If the title of this post caught your attention you’ve probably thought about taking a police ride-along, heard about a friend’s experience, or you’ve been on one for yourself. Let me tell you from personal experience that it was awesome and enlightening. And I went on the perfect one for a crime writer.
My ride-along started out with a manhunt. I experienced the excitement of wanting to find the guy and found myself scrutinizing every male I spotted in the area just to make sure he wasn’t the one we were after. Unfortunately, the search moved to the downtown area from the eastern end of the city where the hunt had begun, and the sergeant signed off the investigation. By the end of my ride-along, about five hours later, the man still hadn’t been found.

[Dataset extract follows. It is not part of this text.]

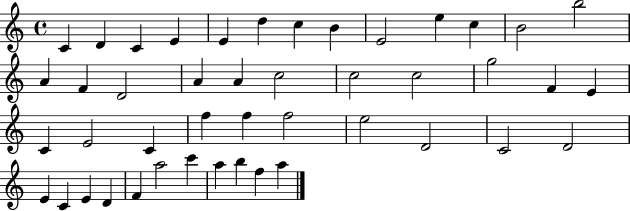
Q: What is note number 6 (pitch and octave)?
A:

After the sergeant left the investigation, he turned to me as he was driving and asked if I had ever seen a dead body. I told him I had at memorials and funerals and then asked why. I soon found out that our next stop involved one.

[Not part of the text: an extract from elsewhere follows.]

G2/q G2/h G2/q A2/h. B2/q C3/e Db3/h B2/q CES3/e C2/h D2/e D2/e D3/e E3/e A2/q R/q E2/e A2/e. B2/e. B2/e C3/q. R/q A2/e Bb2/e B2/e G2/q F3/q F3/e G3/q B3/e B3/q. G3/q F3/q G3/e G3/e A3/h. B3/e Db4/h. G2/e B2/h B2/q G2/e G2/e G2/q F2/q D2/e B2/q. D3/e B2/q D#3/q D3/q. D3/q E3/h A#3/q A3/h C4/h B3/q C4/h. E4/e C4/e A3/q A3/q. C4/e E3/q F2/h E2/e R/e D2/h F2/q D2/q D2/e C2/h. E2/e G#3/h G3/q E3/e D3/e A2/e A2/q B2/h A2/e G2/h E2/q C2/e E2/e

I figured I’d catch a glimpse of the deceased under a tarp or being wheeled away, but I got far more than that. I received a front-row seat to a death investigation. For hours, the sergeant and I were mere feet away from the body. I witnessed firsthand how it changed color over time, but I also found that I went into detective-mode. The forensic identification unit—essentially CSIs—was called in and arrived with collection kits. The team members gloved up, snapped photographs, took fingerprints from the deceased, and more.
The entire time that I was on scene, I noticed myself going into a detached state—the result of adrenaline. Later that evening, it began to sink in that I had spent hours with a dead body, and I was nauseated. As more time passed, I became weepy as it sank in that the deceased had been a husband, a father, a lover, a friend…a person. That night I dreamed about the man. It wasn’t a nightmare, but I was an officer trying to figure out what had happened to him.

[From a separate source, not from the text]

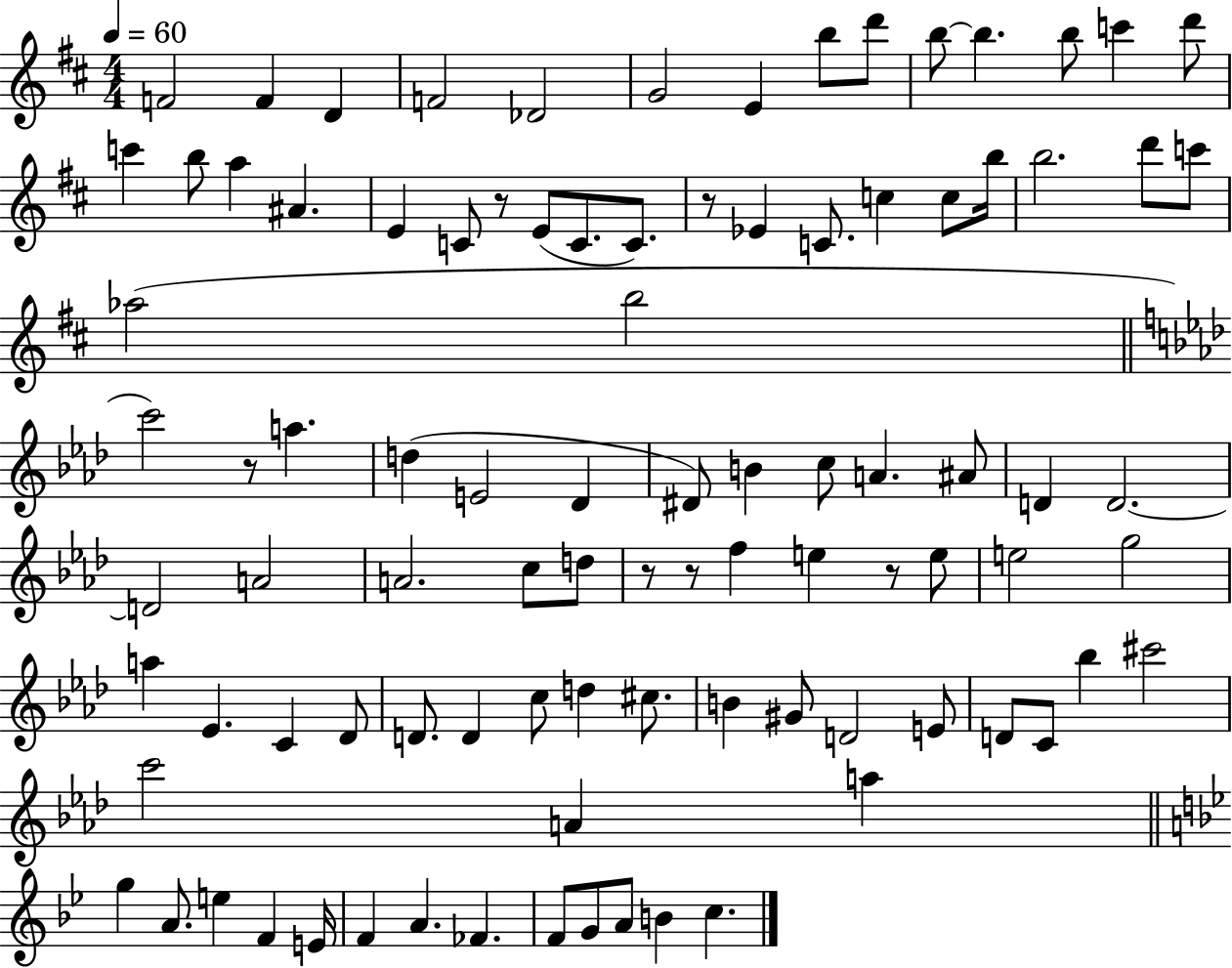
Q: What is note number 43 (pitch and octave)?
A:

I couldn’t imagine returning to the field the next day and having a similar experience or witnessing something even worse, like a violent murder scene or that of a fatal car accident. But the knowledge that I received from the academy and this ride-along only served to strength the police procedurals in my latest release In the Line of Duty.
Readers and those who serve or who have served in law enforcement have expressed many times over the years how they appreciate the accuracy in my books. But readers have also commented on the fact that they felt like they were right there alongside the investigators trying to solve the murders themselves. Feedback like this has come back on many of my titles and it makes me pleased to be able to bring the feeling of a police ride-along to my readers through my books. And you won’t even need to a bulletproof vest.